環境大臣談話 「祈りの言葉」(平成19年5月1日)

 水俣病犠牲者慰霊式に臨み、水俣病によって、かけがえのない命を失われた犠牲者の皆様に、心から哀悼の意を表します。

 改めて申すまでもなく、水俣病問題は、深刻な健康被害をもたらしたばかりでなく、地域住民の絆が損なわれるなど広範かつ甚大な影響を地域社会に及ぼしました。 長きにわたる大変な苦悩の中でお亡くなりになられた方々がいらっしゃいます。胎児性患者の方々など今なお被害に苦しまれている方々もいらっしゃいます。
  こうした方々、また、地域に生じた軋轢に苦しまれた地域住民の皆様に対し、水俣病の拡大を防げなかったことを、政府を代表して、衷心よりお詫び申し上げます。

 水俣病が昭和31年に公式に確認されて以来、高度経済成長の過程で、その被害は取り返しのつかない大きなものとなってしまいました。この水俣病の多くの犠牲の上に、今日の社会の繁栄と暮らしの豊かさは成り立っていると言っても過言ではありません。
  我が国のこのような経験は、国全体、国民全体に、現在の社会や行政のあり方に対し重い問いかけを発しています。水俣病を学ぶことにより、その経験の重さを改めて認識したいと思います。

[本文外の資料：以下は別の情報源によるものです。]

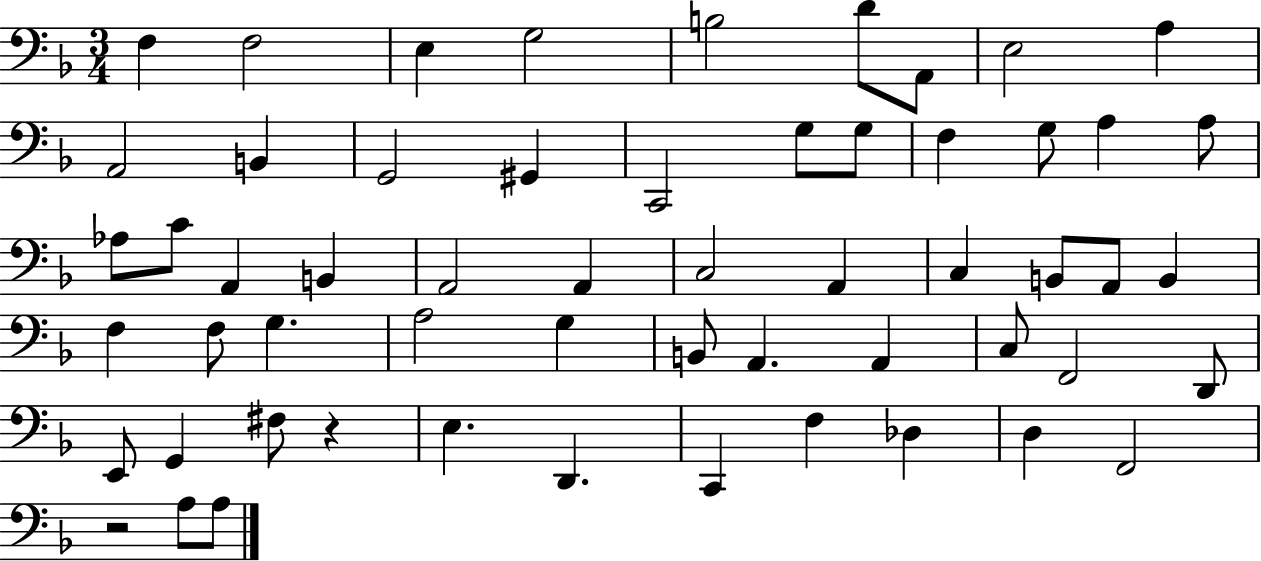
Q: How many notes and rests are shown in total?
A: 57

 一昨年、患者団体など関係団体、水俣市など地元自治体、環境省等が協力して、水俣病公式確認50年事業実行委員会が設立されました。そして、公式確認から50年を迎えた昨年、関係する多くの皆様のご尽力により、水俣病慰霊の碑の建立、50年誌の編纂、写真展の開催、地域の福祉を考えるシンポジウムの開催や地域の再生・融和に向けた人材育成など様々な取組が行われました。

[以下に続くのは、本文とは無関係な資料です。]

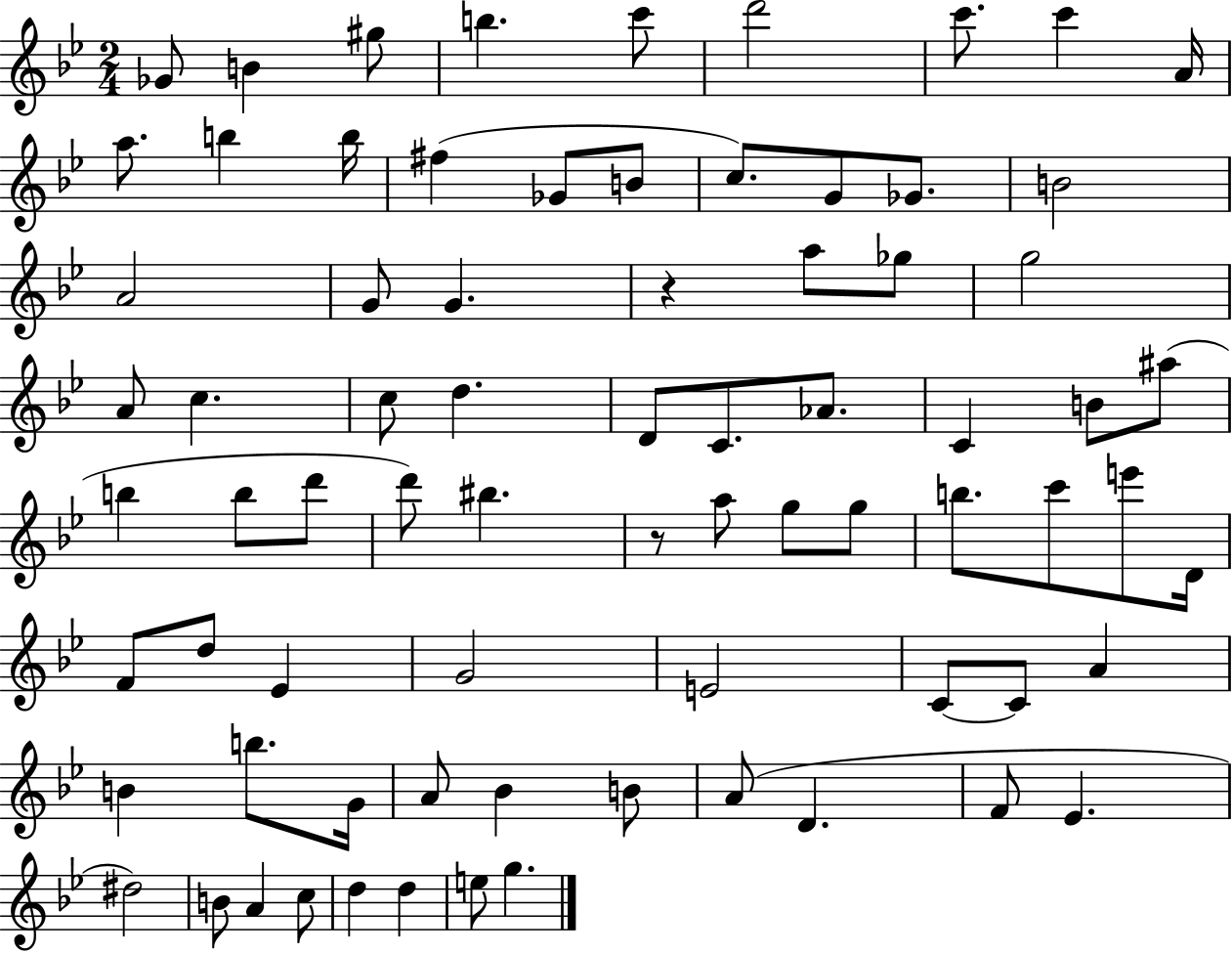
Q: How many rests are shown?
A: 2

 これらの50年事業実行委員会の取組、成果も活かし、水俣病被害者の方々の高齢化やそれに伴う不安に応えるための医療・福祉対策や地域の再生・融和などを一層推進していくことが私たちの責務であると考えます。

 今日、長い歴史と経緯を経てなお、水俣病問題は大きな課題となっております。今後、平成7年の政治解決や平成16年の最高裁判決も踏まえ、すべての被害者の方々が地域社会の中で安心して暮らしていけるよう、地元自治体と協力して、全力で取り組んでまいる決意であります。

 また、水俣病の悲劇を二度と繰り返さないよう、その経験を内外に伝えていくとともに、環境を守り安心して暮らせる持続可能な社会の実現に政府を挙げて取り組んでまいります。

  最後に、改めて、水俣病の犠牲となり亡くなられた方々の御冥福をお祈りし、私の「祈りの言葉」とさせていただきます。